Nati nei frutteti del Cuneese, più o meno, I Boschi Bruciano si chiamavano Qwercia, hanno cambiato nome, mantenendosi in ambito arboricolo ma un po’ più distruttivo. E hanno pubblicato un disco rock (ah, quindi si può ancora fare): Ci Pesava.
“Questo disco ce lo portiamo dentro da molto tempo. Sentivamo il bisogno di dare forma concreta alle emozioni e ai frastuoni che uscivano dalle lunghe giornate in sala prove e, in poco più di un anno, abbiamo terminato un mosaico a otto mani che ci porteremo dentro tutta la vita. Questo non è un album semplice e non è stato di certo semplice per noi arrivare a stringerlo tra le mani. Abbiamo dato il massimo e ora non ci resta che scagliarlo lontano, come un sasso nell’acqua, sperando che rimbalzi”

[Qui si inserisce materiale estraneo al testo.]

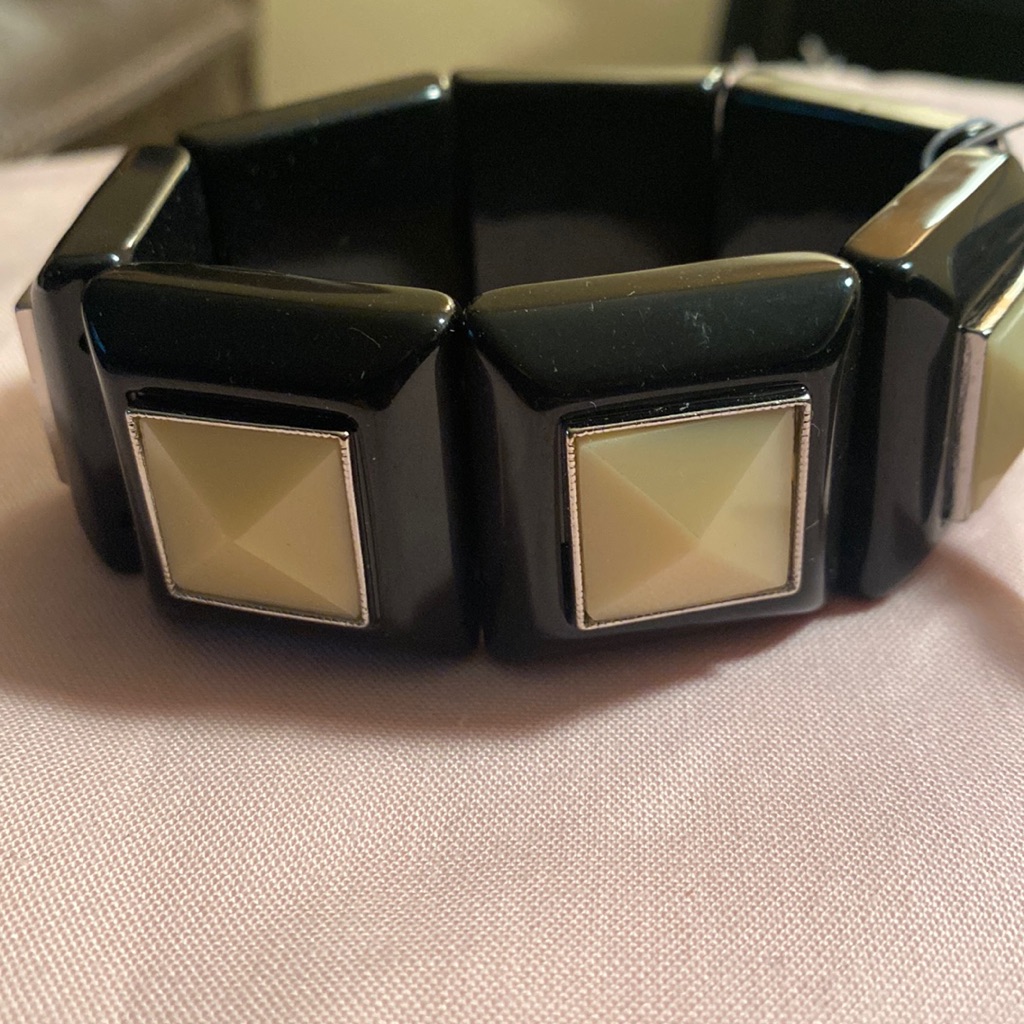 Black Cream Color Stretch Bracelet Very Pretty 11$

I Boschi Bruciano traccia per traccia
All’inizio è tutto Grigio, con un’introduzione nebbiosa e vagamente elettrica, i cui contorni precisi sfuggono.

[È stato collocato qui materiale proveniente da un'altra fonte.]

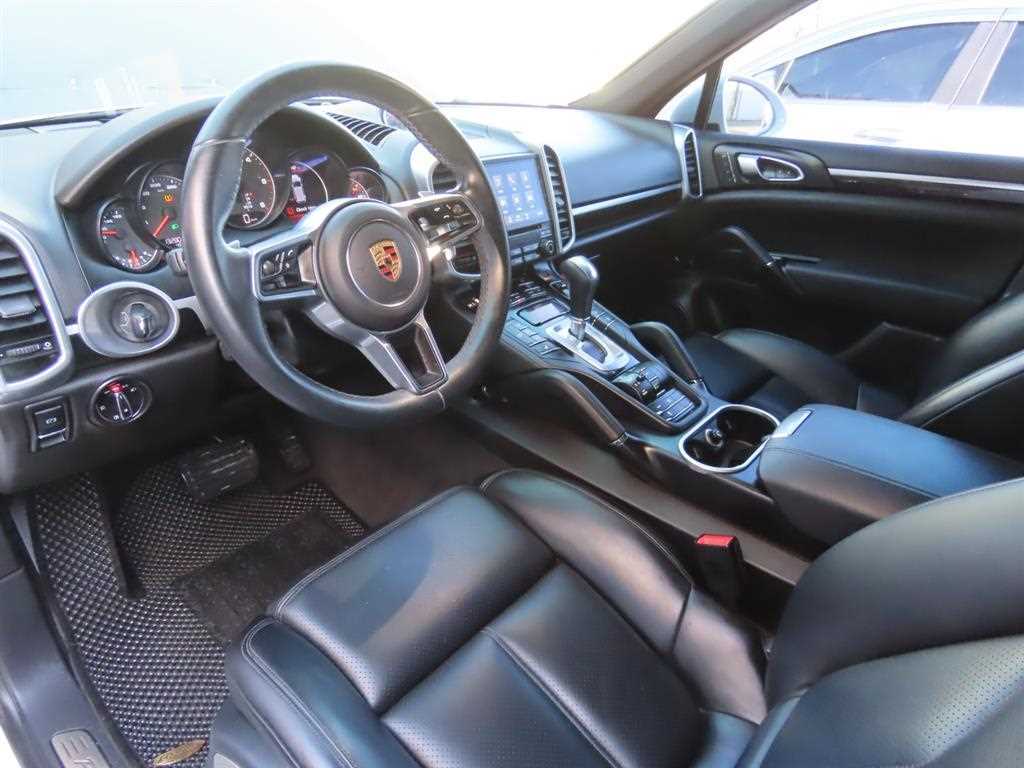 Porsche Cayenne 2017 Blanco - Importación desde Corea - HF Imports Iquique - Foto 16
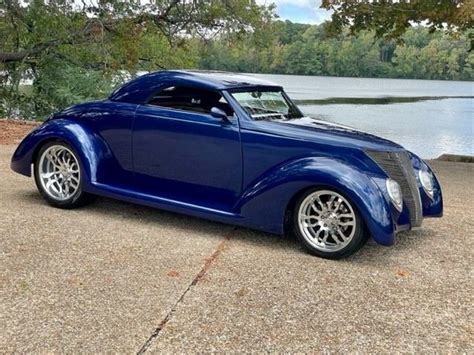 1937 Ford Roadster Volo Museum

Molto più determinata Pretese, con un’apertura su un riff da rock classico e poi con un atteggiamento aggressivo e quasi hardcore.

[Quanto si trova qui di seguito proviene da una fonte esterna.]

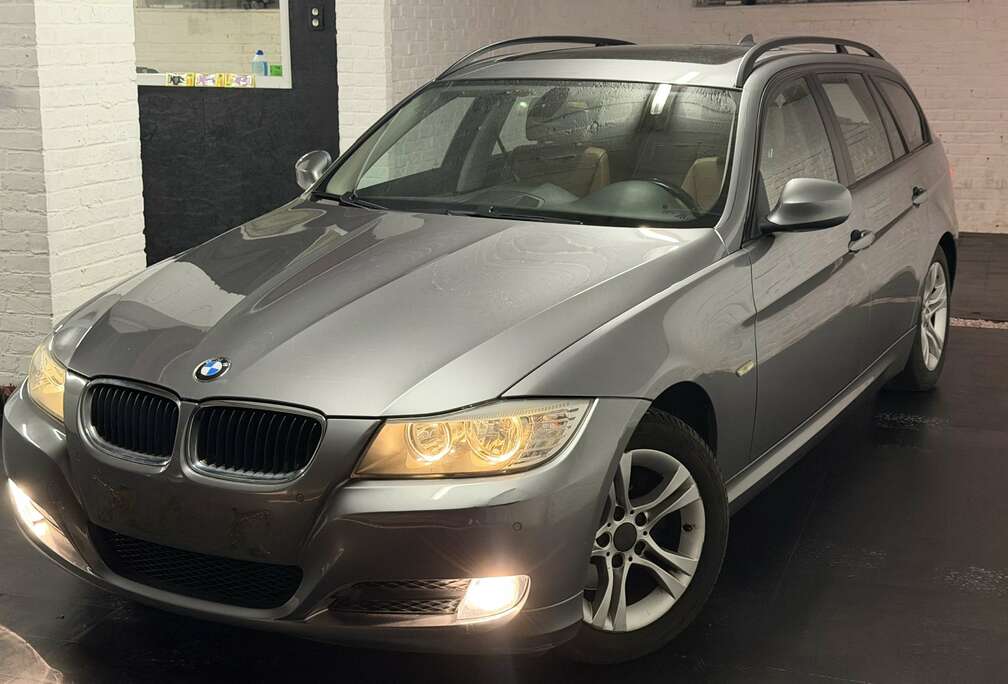 BMW i ** TOIT PANNO ** BOITE AUTO **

Si va sul malinconico/depresso con Mi Spegnerò, apparentemente in caduta ma capace di colpi di reni elettrici.
Jet Lag torna a mordere, ma sempre con buona attenzione al testo. C’è la chitarra al centro di Scegliere un’indole, che prevede qualche pausa depressa tra momenti incendiari. “A volte è così bello ingannare il tuo malessere”.
L’Interlude è in realtà una marcia che cresce piano piano, giocata sullo strumentale e sul recitato. Si passa senza interruzioni a Odio, che riversa molta bile sulle chitarre, ma anche un certo tasso di disperazione.
Il singolo Polvere ha un’apertura quasi da metal anni ’80, per poi procedere su linee fluide e potenti.
Si corre parecchio con Non lo so, pezzo che riserva qualche piccola variabile lungo il percorso.
La Prossima Volta ha uno sviluppo parecchio intenso e rumoroso, di grande impatto. Una serie di “dovrei essere” caratterizzano i rimpianti di Università. “Smettere di piangere/di esagerare sempre/…/di far finta di cambiare e non cambiare niente”.
Si chiude con L’ultimo istante, che ha sprazzi (piccoli) di ottimismo, sparsi su un’atmosfera soffusa, che poi però si fa molto più dolorosa.
Bello il synth pop. Grande cosa il pop in tutte le sue accezioni, it, indie, vintage, 80s, eccetera. Però ogni tanto un disco con un po’ di chitarre, con qualche fremito elettrico, non è che faccia proprio schifo.
Anzi, questo de I Boschi Bruciano suona attuale perché è fresco, ben scritto e suonato, vivido e ruvido come si deve. E molto sincero, almeno quanto le urla che costellano i brani dell’album. Bene così.